Dr. Cheverou’s face back in Blake’s. Their eyes met, and in the doctor’s Blake saw pity. Then the doctor slapped him across the face, hard—jolting.

“You bring me here? To these monsters?”

Another slap, Blake too slow to stop it or move out of its way.

Maybe it hadn’t been pity.

“Whoa, whoa, Doc!” Joje was suddenly there, grabbing the doctor’s upraised hand and saving Blake from . . . what? Shame?

Dr. Cheverou spat in Blake’s face, then glared at Joje. “Let me go. No one will know about this. I know to keep secrets.”

Blake watched as the doctor’s face turned from a grimace of hate to pain. He bent downward, Joje no longer holding his hand, but squeezing it—crushing it.

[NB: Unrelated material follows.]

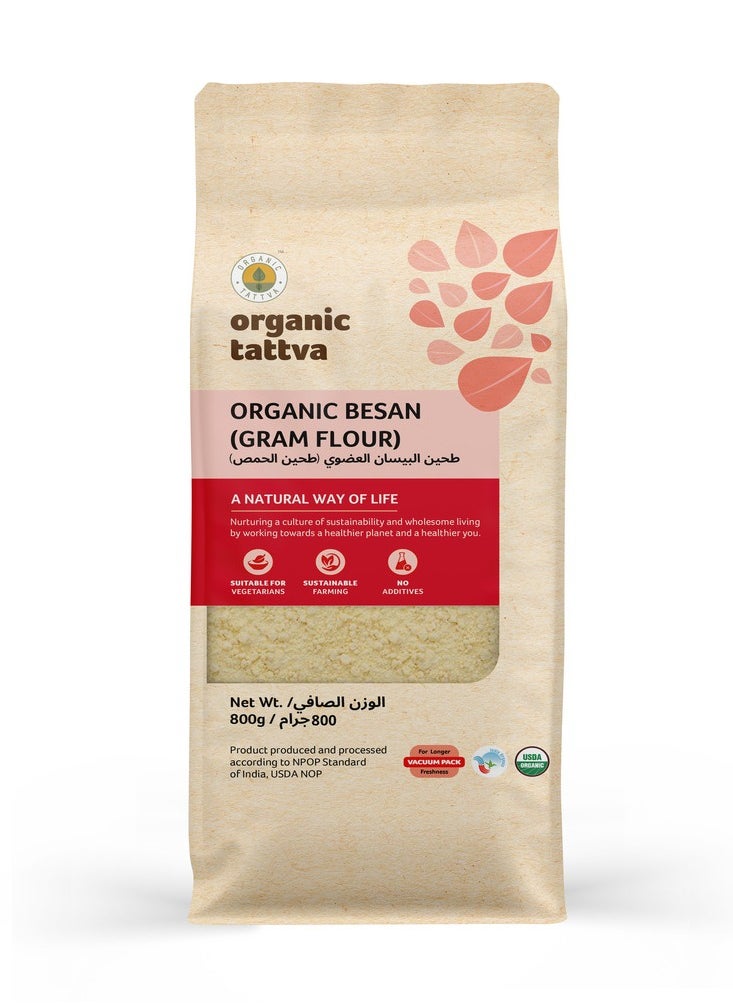 Organic Besan (Gram Flour) 800 g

“I don’t want to hear you asking to leave again, Doc. Understand?” Joje said.

Dr. Cheverou nodded through welling eyes.

Joje stood over the now-kneeling doctor, not an edge of menace in his voice despite his vice-like grip on Dr. Cheverou’s hand. “You’re a guest and this . . . is like a vacation. Well, more like a staycation. I’m going to need the password to your phone as well as your e-mail so we can make sure your staff knows you left town.” Dr. Cheverou nodded. “Now how’s our boy doing? Is he okay?”

“Is poor light . . . difficult without tools,” the doctor said.

“You’re not getting your tools,” Joje said.

Dr. Cheverou snorted. “He has concussion.”

“Will he be okay?” Joje asked.

“Please. I’ve done nothing wrong.”

Joje twisted the doctor’s hand so abruptly the string of bones snapping sounded more like a line of firecrackers, one going off after another. He released the hand, and the doctor crumbled to the floor, weeping.

“Thank you, Doc,” Joje said. “And remember our rules.”

“You are a small man with small dreams,” the doctor said, spit flying with his words.

Joje’s tic was back, his right eye blinking, mouth twitching in spasms. “This, Bwake, is the kind of fight I had hoped you would have.” He spun on the doctor with such speed, foot rising to Dr. Cheverou’s chest, it lifted the doctor almost completely from the floor as he barreled into the wall, wheezing.

The doctor reached for his fallen glasses with his good hand, bringing them slowly to his face, hand trembling. He had barely caught his breath when he looked back up at Joje. “I was wrong, not small man. Puny.”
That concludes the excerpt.